Work request: Word for word, retype the lines from the one containing "雪山古茶：揭开神秘面纱，探寻神奇功效" to the one containing "Gyökérzöldség, hagyma, zeller" below, keeping both end lines and dropping the pictures.
════════════════════
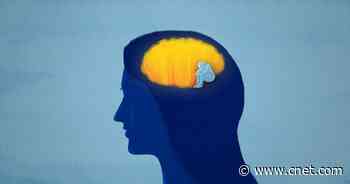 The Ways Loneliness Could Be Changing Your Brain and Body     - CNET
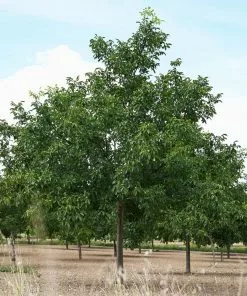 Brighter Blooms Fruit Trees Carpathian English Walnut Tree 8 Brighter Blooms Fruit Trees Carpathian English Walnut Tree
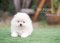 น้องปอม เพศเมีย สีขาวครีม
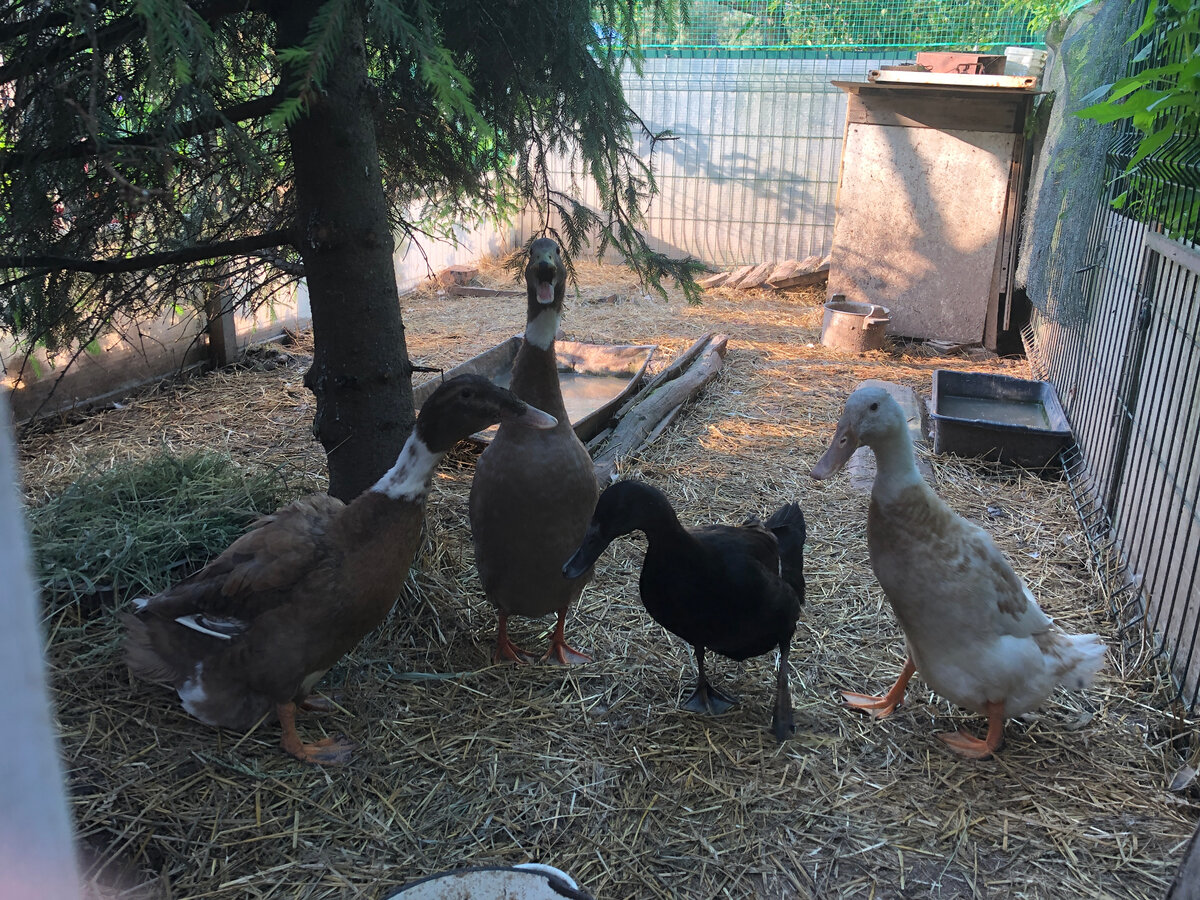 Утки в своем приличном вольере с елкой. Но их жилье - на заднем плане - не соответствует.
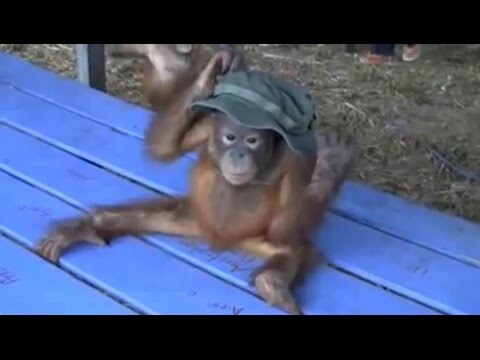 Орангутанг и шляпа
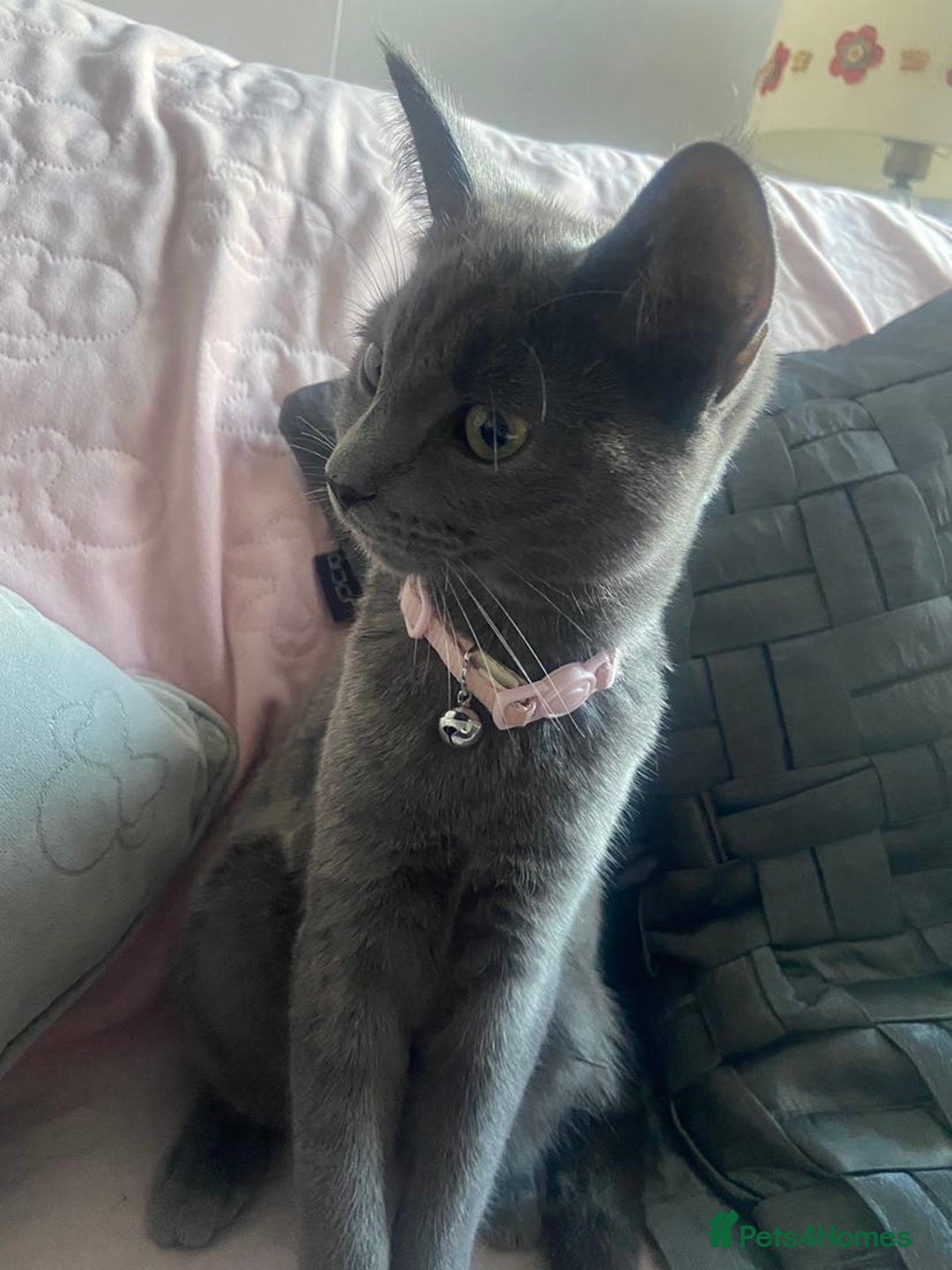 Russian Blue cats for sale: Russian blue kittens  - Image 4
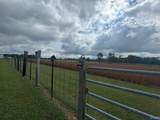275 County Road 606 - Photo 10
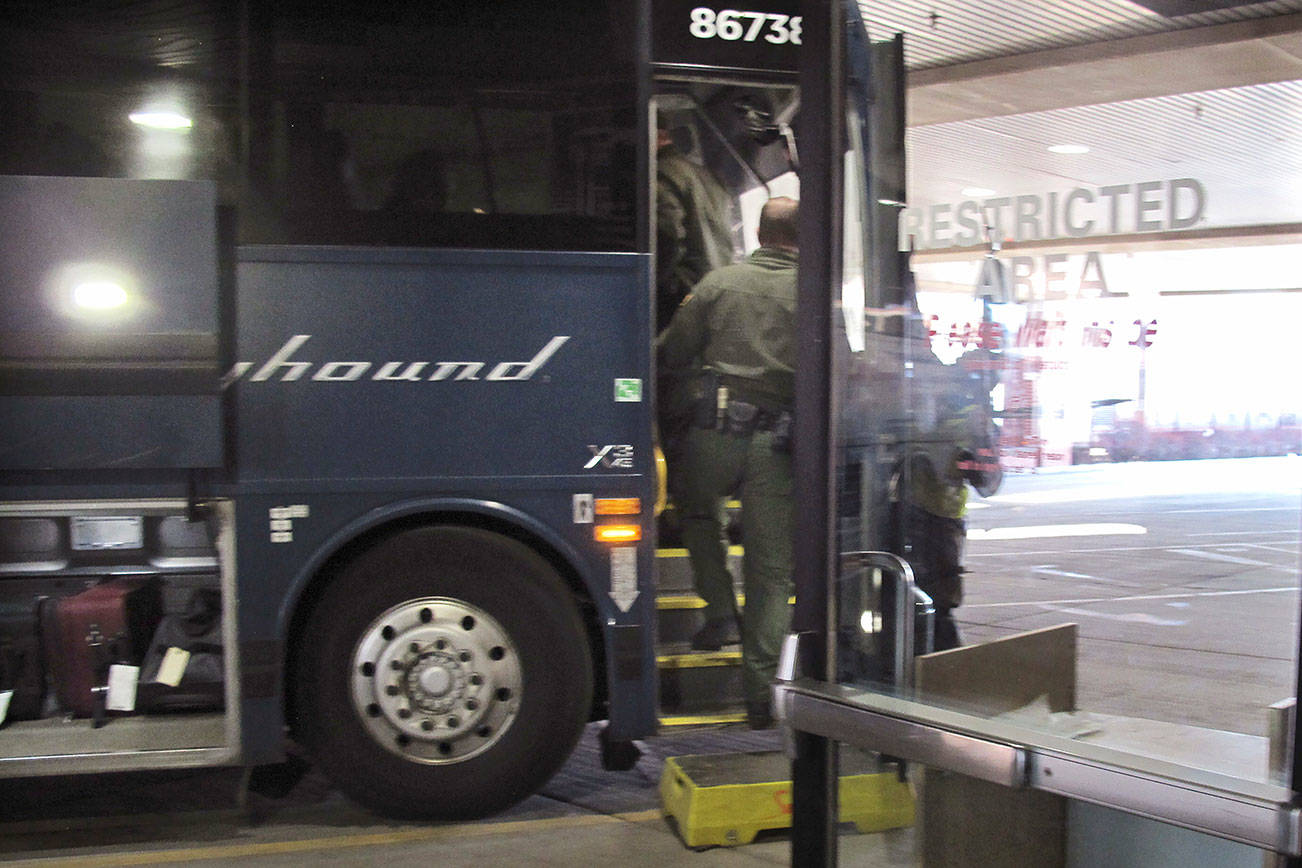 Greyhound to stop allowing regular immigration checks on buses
════════════════════
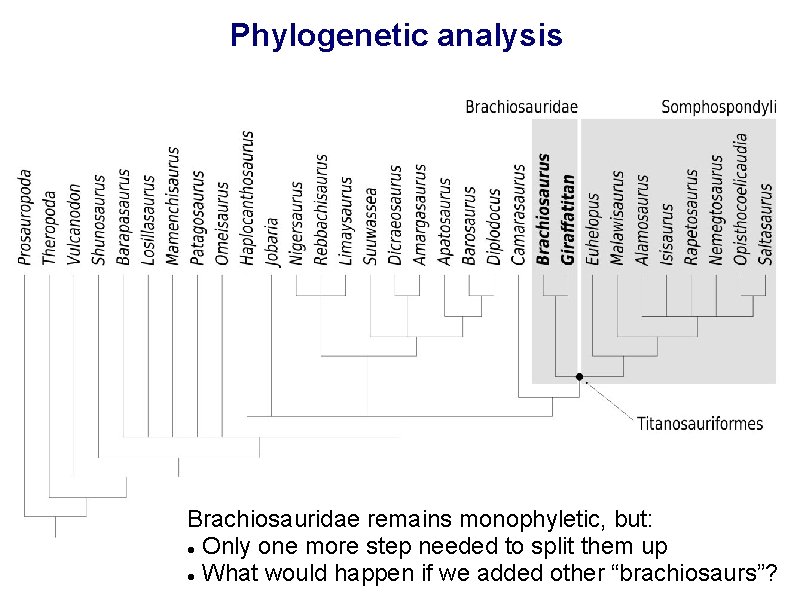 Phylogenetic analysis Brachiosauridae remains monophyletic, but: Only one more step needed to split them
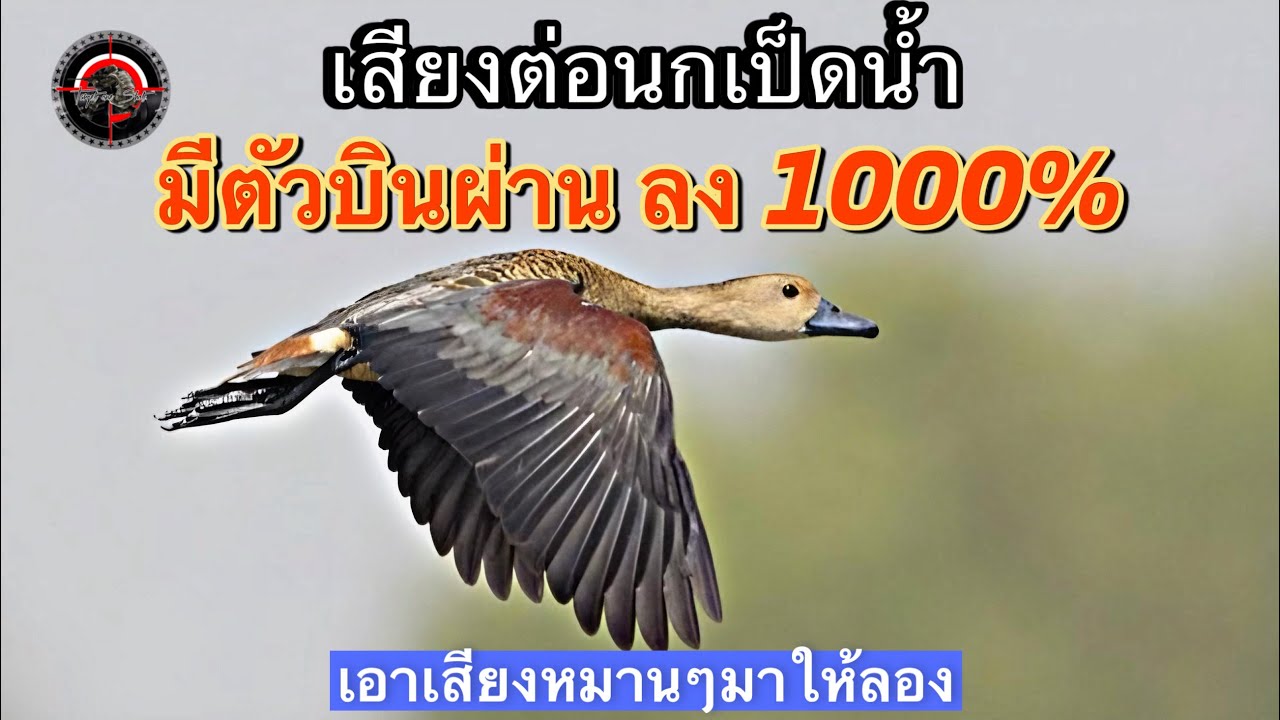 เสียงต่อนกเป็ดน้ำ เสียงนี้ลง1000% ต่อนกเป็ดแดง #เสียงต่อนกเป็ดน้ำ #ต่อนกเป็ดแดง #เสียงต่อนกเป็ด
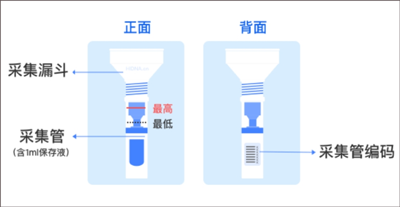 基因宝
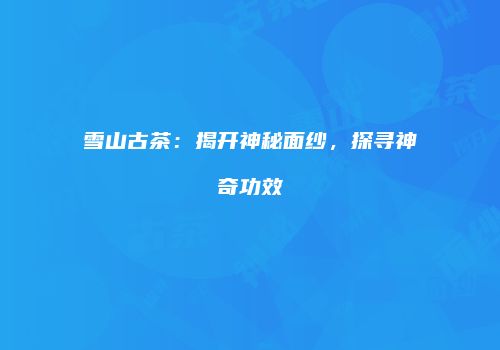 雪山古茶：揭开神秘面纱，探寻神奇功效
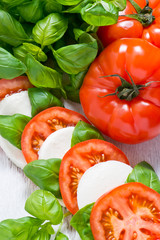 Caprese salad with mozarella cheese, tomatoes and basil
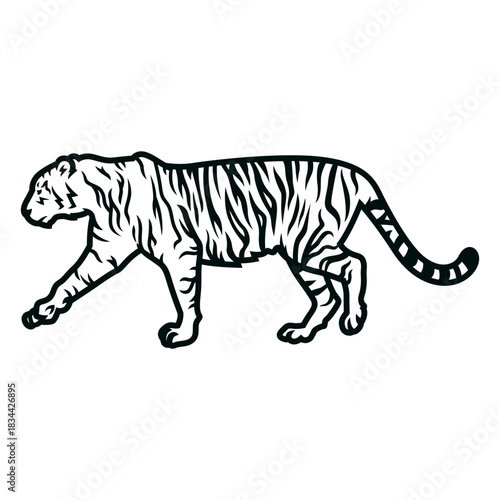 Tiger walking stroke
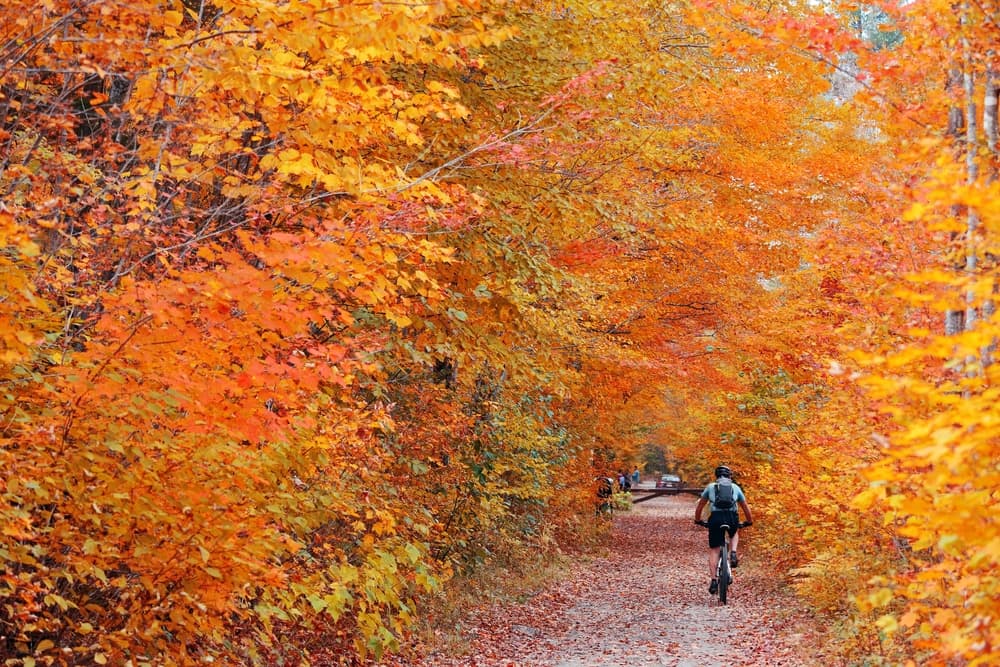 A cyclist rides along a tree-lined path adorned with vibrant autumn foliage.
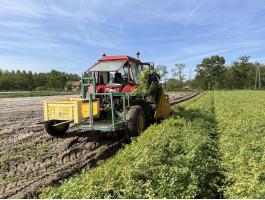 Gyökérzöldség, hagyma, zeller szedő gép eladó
════════════════════
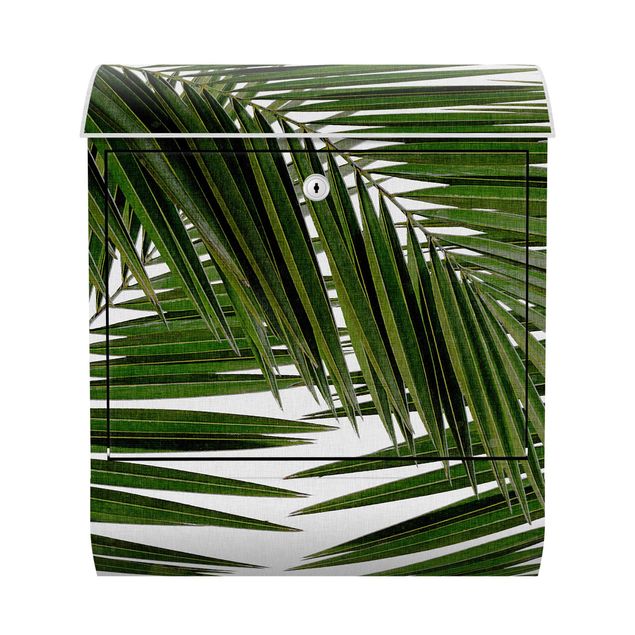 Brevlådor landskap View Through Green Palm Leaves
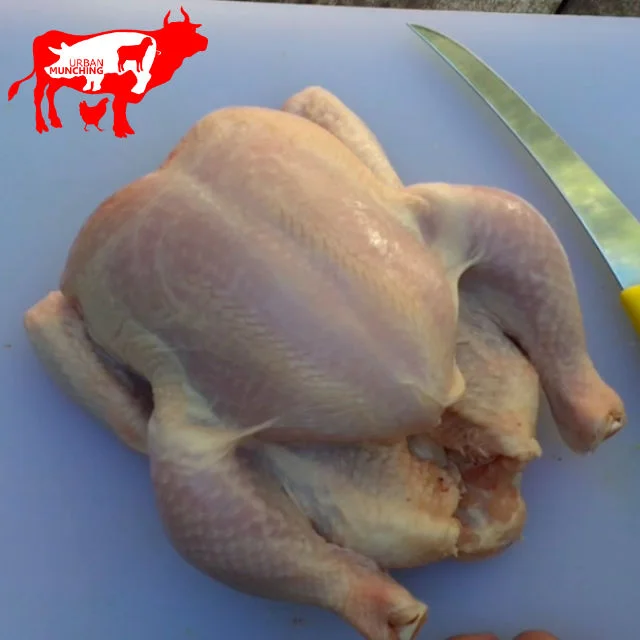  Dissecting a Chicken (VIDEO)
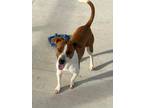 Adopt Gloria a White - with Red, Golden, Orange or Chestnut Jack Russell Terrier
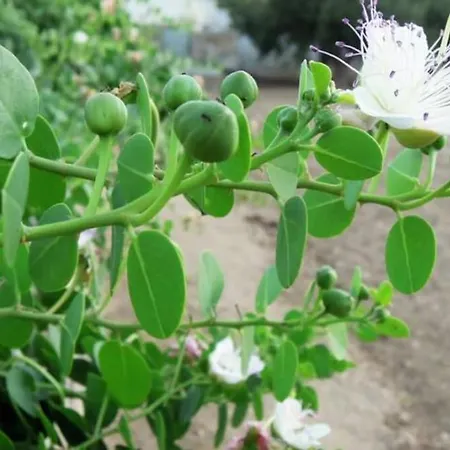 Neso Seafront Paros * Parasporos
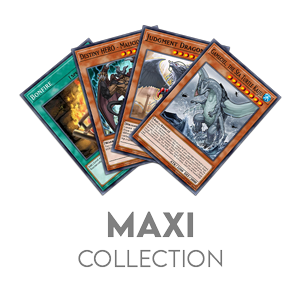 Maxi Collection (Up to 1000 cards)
════════════════════
Completed task:
 雪山古茶：揭开神秘面纱，探寻神奇功效
 Caprese salad with mozarella cheese, tomatoes and basil
 Tiger walking stroke
 A cyclist rides along a tree-lined path adorned with vibrant autumn foliage.
 Gyökérzöldség, hagyma, zeller szedő gép eladó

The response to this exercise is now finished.